Record excerpts:
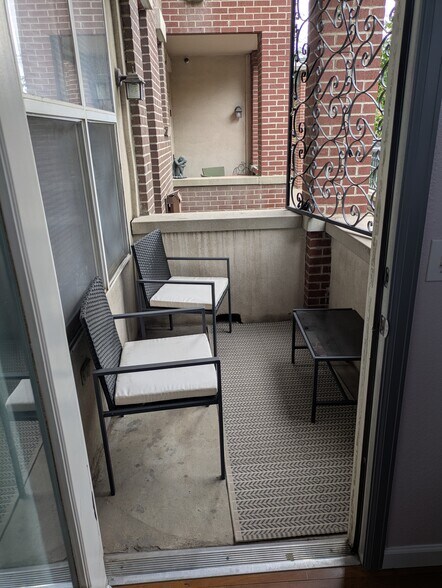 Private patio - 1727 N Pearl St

--

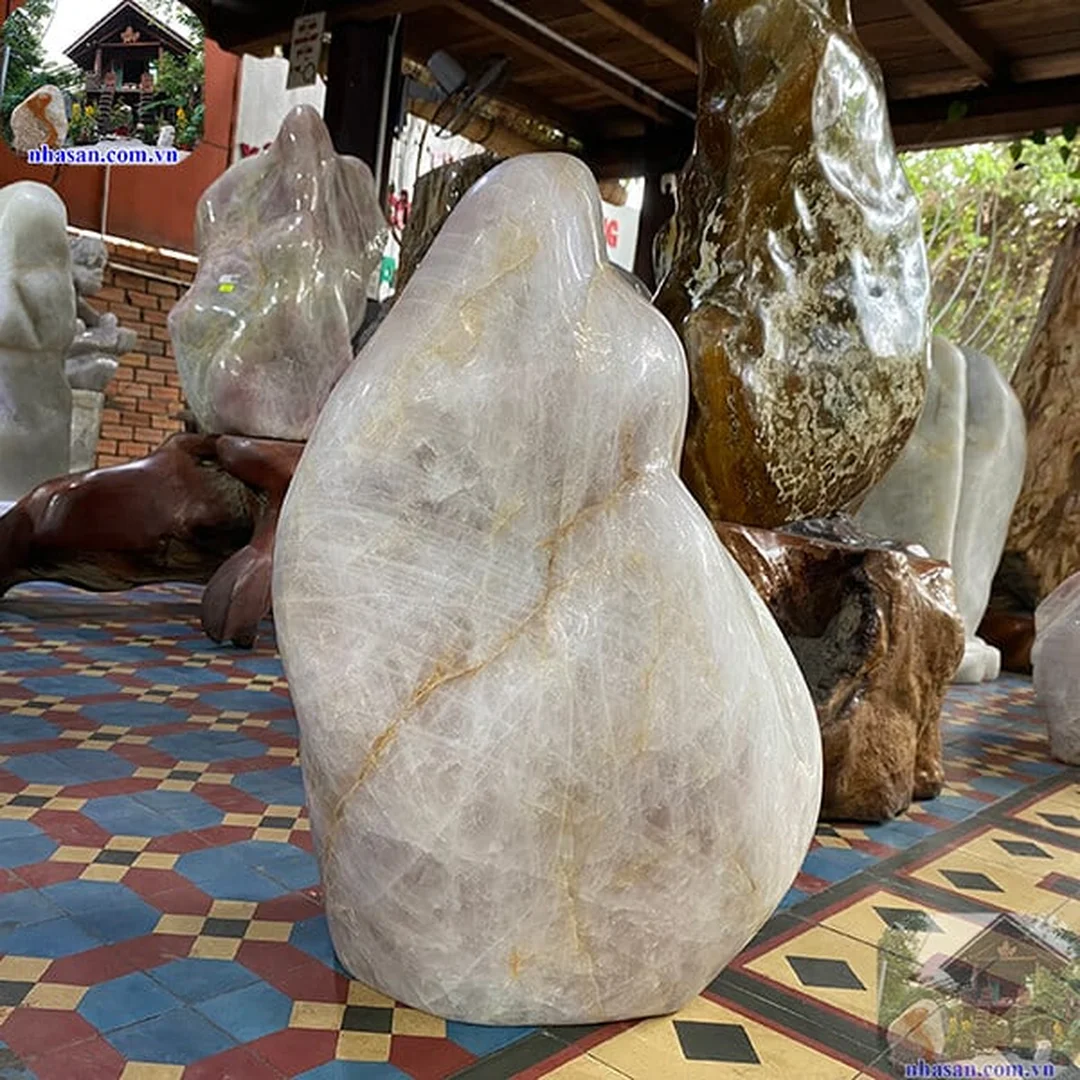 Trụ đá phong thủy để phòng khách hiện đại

* * *

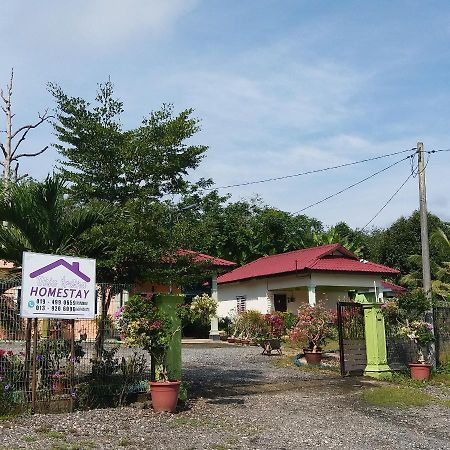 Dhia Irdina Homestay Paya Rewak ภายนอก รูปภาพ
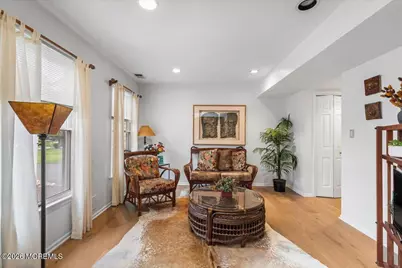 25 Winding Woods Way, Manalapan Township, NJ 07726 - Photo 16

Instructions to follow:
Write out again exactly the lines above from the one with "Dhia Irdina Homestay" through the one with "25 Winding Woods", adding no other lines and no pictures.

Answer to this task:
 Dhia Irdina Homestay Paya Rewak ภายนอก รูปภาพ
 25 Winding Woods Way, Manalapan Township, NJ 07726 - Photo 16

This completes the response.